▶ TASK TO COMPLETE
Look in the material below for the line holding "3'lü Dikdöertgen Multi set (0,6+1,2+2) 21118". Set it down exactly, with each later line up to and including the line holding "Gél borítás mmCase".

[[ DATASET, beginning ]]

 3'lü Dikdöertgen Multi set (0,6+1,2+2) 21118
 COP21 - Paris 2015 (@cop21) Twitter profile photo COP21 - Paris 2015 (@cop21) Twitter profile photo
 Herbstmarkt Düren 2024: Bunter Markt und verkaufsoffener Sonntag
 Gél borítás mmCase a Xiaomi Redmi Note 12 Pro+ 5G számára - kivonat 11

[[ DATASET, end ]]
[[ DATASET, beginning ]]

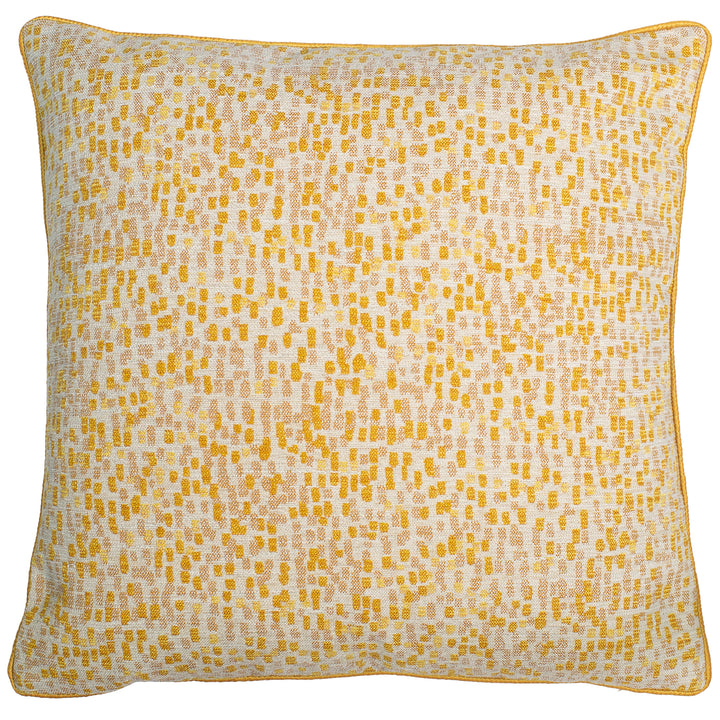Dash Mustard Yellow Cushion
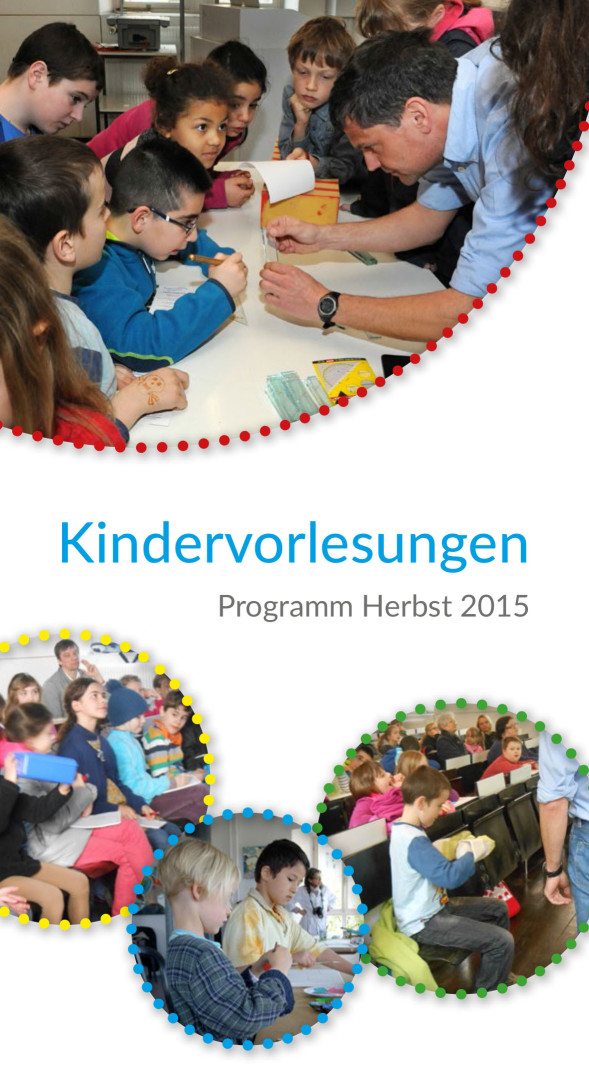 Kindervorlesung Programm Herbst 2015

[[ DATASET, end ]]
[[ DATASET, beginning ]]

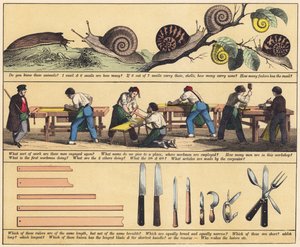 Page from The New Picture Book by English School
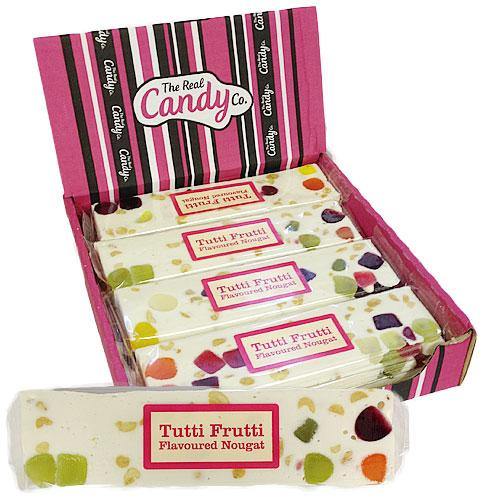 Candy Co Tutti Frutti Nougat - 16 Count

[[ DATASET, end ]]

▶ SOLUTION TO THIS PROBLEM
 3'lü Dikdöertgen Multi set (0,6+1,2+2) 21118
 COP21 - Paris 2015 (@cop21) Twitter profile photo COP21 - Paris 2015 (@cop21) Twitter profile photo
 Herbstmarkt Düren 2024: Bunter Markt und verkaufsoffener Sonntag
 Gél borítás mmCase a Xiaomi Redmi Note 12 Pro+ 5G számára - kivonat 11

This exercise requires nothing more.